JuliaStats / RDatasets.jl

Julia package for loading many of the data sets available in R
GNU General Public License v3.0
160 stars 56 forks source link

Clean up and add datasets, improve descriptive functions. Fixes #6, fixes #13, fixes #15. #17

Closed garborg closed 10 years ago

garborg commented 10 years ago

Enacts most suggestions that have been made regarding the package:

Add datasets that had been added to Vincent's repo. Remove rownames unless they add information. Colnames are cleaned in R so that doesn't have to happen on read. Combat over-factorization of strings, underuse of integers in R. Save data with ('valid') factors as .rda when possible. Remove all attributes that break read_rda (functions, formulas, NULL).

garborg commented 10 years ago

Added an .R script so any future refinements can be applied with ease, but I ran comparisons and basically everything is the same or nicer than before. The possible exception I noticed is that row.names (that are kept) are now left as strings in the .rdas, so for .rdas that were formerly .csvs, readtable's typing was probably an improvement in some cases.

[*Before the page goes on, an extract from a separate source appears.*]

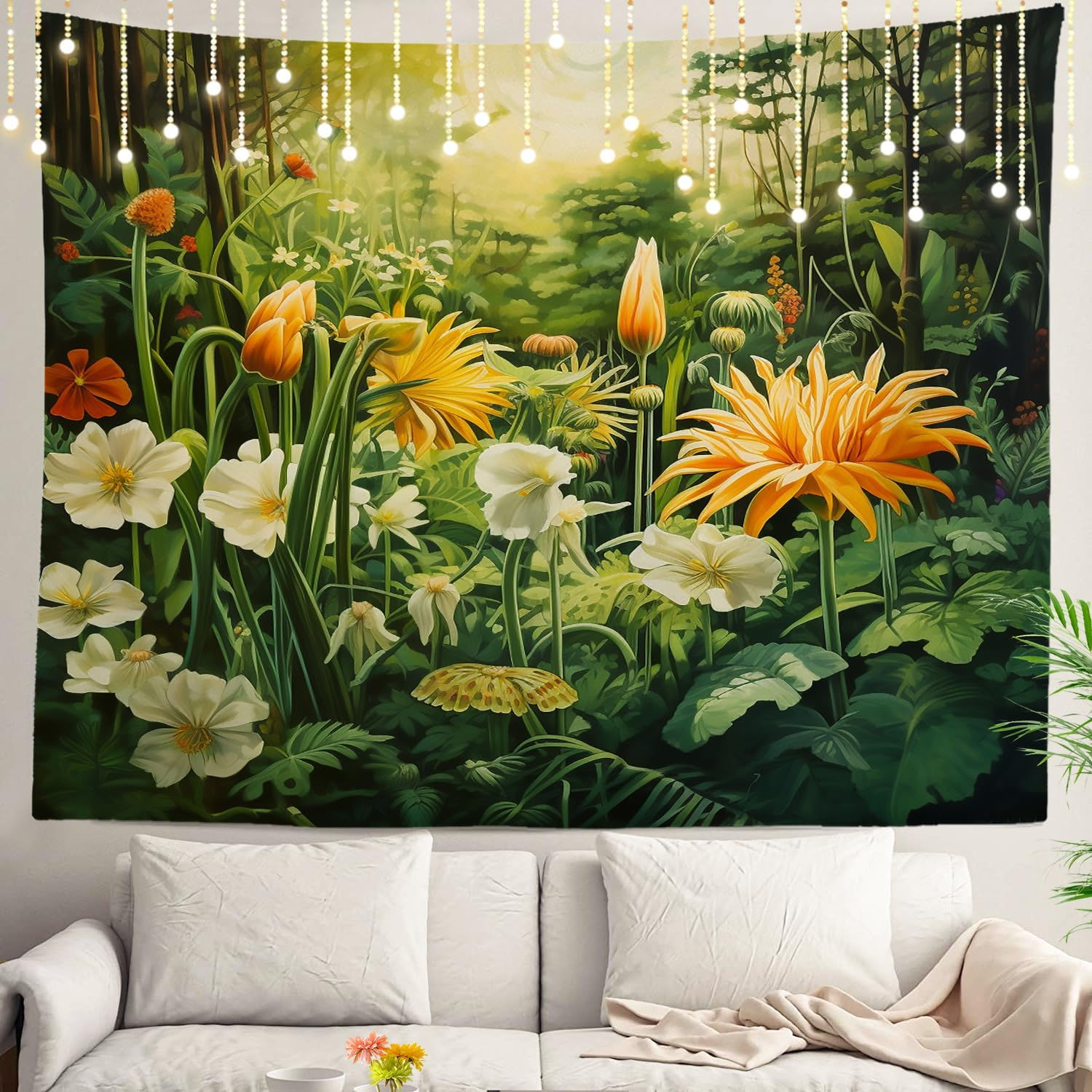Vibrant garden tapestry above a white sofa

johnmyleswhite commented 10 years ago

I totally forgot that this PR existed. I actually just spent two hours making many of the same changes, but there's not perfect overlap. If you don't mind, it would be great if you could see if there's anything of value in the changes I made that isn't superceded by your work. If not, we can just revert my changes and use your changes instead.

The one possible case in which my work is useful relative to your more automated approach is that I renamed many columns by hand, which fixed not only formatting issues, but also some misspellings in the raw datasets.

garborg commented 10 years ago

Definitely, I'll take a look.

garborg commented 10 years ago

I combined our work in #18.

johnmyleswhite commented 10 years ago

Thank you so much for doing this. Hopefully that resolves most of the remaining annoyances with this package.

garborg commented 10 years ago

Of course. Combined with the cleaned colnames and new show methods for DataFrames, the datasets look a lot cleaner, too.